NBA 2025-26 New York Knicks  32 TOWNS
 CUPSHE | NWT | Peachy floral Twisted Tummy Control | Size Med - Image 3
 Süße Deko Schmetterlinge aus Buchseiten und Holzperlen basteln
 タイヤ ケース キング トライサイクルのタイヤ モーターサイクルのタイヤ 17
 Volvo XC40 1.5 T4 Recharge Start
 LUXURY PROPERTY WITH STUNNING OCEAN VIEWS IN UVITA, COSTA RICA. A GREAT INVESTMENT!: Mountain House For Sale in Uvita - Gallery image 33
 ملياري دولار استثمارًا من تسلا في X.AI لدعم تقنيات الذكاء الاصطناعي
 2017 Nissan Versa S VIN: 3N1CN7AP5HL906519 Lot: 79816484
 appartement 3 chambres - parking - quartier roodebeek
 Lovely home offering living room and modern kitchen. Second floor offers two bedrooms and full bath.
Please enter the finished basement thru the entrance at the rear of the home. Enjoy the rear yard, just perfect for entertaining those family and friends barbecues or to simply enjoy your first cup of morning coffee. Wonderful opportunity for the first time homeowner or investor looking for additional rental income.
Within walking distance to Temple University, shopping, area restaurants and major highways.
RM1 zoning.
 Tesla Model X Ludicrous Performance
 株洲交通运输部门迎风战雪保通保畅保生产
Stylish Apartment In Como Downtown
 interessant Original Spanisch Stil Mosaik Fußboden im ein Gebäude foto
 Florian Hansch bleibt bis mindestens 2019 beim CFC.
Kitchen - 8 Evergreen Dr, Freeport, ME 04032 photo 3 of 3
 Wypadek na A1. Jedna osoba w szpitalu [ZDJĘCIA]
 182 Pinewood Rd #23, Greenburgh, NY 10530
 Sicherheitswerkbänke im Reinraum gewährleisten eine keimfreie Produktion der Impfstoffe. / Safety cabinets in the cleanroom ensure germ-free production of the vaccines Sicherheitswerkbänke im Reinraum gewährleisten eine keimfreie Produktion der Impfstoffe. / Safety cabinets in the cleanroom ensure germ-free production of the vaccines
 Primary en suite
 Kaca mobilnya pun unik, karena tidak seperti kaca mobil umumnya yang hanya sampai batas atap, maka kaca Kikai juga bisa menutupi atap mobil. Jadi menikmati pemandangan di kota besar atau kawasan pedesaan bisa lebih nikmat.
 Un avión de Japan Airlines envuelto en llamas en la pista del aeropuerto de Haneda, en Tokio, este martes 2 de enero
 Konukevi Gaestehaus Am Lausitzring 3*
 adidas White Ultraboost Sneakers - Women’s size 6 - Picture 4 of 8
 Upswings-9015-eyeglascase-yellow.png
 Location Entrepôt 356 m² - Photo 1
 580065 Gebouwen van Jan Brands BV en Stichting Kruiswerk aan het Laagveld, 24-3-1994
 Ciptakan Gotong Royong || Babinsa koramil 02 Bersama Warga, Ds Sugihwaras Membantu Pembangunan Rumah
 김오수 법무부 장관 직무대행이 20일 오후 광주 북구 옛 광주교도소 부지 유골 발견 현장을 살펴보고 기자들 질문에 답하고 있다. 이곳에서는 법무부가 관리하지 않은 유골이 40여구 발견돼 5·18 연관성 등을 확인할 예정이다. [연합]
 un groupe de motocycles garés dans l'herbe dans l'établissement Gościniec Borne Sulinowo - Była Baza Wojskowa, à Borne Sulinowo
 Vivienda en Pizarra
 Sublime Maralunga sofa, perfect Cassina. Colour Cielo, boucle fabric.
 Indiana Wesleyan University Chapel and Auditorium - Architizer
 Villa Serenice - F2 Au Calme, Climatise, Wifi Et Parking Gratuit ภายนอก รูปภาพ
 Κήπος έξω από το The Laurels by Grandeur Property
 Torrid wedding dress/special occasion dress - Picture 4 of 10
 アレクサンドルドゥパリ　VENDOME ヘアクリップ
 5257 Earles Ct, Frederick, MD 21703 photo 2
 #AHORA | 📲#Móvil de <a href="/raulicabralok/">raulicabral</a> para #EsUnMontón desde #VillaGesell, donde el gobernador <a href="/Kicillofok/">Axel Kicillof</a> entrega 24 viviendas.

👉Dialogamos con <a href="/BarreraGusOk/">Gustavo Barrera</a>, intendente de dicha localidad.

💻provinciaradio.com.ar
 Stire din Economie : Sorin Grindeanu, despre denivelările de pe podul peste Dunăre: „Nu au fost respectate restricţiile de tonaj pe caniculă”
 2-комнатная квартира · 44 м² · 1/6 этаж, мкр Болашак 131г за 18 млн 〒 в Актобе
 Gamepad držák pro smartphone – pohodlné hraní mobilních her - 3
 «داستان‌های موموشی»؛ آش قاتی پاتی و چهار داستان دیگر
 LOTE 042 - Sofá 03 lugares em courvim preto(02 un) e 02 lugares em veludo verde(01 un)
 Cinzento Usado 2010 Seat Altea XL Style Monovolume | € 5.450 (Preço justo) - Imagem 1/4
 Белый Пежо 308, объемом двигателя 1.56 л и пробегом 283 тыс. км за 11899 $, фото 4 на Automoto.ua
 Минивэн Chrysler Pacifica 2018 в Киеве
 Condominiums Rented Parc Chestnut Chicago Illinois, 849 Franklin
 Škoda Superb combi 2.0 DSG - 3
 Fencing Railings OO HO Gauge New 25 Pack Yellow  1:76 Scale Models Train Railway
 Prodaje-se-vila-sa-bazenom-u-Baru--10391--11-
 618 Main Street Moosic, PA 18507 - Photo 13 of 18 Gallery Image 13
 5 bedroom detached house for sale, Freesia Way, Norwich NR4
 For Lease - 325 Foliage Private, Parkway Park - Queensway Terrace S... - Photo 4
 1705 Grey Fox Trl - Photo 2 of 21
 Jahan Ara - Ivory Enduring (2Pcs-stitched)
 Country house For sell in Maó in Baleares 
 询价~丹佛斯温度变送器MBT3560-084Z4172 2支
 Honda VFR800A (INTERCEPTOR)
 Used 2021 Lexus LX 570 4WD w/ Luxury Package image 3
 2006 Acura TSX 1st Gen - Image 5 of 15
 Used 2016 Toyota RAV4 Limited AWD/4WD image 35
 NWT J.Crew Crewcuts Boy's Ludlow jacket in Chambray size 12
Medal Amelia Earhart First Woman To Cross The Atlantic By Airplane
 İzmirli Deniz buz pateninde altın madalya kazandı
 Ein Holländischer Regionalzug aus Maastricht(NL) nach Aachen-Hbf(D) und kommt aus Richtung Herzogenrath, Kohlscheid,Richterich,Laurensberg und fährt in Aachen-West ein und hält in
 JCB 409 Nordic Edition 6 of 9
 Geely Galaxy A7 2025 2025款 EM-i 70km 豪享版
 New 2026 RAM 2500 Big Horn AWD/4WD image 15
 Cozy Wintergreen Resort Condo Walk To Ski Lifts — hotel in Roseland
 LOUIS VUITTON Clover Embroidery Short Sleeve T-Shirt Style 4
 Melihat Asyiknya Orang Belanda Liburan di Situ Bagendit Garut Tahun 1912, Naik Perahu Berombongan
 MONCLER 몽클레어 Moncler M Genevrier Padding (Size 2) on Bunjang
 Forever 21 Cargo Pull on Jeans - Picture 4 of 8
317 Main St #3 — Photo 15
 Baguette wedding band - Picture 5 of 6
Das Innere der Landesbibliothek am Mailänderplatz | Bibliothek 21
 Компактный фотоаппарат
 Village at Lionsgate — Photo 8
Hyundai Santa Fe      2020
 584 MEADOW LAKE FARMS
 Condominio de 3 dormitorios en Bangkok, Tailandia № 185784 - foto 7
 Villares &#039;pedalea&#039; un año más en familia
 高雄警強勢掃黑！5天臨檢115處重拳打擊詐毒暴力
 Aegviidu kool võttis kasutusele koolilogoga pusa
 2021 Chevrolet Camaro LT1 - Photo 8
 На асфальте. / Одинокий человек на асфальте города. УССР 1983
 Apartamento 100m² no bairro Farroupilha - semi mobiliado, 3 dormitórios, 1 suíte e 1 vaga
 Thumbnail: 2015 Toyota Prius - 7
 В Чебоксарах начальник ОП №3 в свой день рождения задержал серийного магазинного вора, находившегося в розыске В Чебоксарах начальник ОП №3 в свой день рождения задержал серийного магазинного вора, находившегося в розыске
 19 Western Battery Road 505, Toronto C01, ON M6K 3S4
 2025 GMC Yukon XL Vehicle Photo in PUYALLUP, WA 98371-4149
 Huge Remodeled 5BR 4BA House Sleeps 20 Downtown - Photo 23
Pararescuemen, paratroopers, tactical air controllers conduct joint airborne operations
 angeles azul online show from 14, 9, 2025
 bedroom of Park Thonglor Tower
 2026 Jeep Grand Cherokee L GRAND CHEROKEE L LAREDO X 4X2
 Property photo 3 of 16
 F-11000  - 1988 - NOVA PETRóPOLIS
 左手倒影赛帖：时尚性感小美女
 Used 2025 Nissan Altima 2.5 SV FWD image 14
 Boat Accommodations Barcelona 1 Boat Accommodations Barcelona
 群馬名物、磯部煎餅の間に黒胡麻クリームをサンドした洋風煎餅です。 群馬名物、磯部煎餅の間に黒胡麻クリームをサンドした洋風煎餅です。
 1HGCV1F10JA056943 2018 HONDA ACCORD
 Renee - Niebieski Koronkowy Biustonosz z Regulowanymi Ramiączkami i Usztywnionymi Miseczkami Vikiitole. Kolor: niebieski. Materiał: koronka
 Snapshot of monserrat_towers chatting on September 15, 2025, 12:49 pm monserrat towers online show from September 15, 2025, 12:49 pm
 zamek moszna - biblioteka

++++++++++++++++++++

Try it: When a line of the records includes "href", that line belongs in the answer.

Output of the task:
 #AHORA | 📲#Móvil de <a href="/raulicabralok/">raulicabral</a> para #EsUnMontón desde #VillaGesell, donde el gobernador <a href="/Kicillofok/">Axel Kicillof</a> entrega 24 viviendas.
👉Dialogamos con <a href="/BarreraGusOk/">Gustavo Barrera</a>, intendente de dicha localidad.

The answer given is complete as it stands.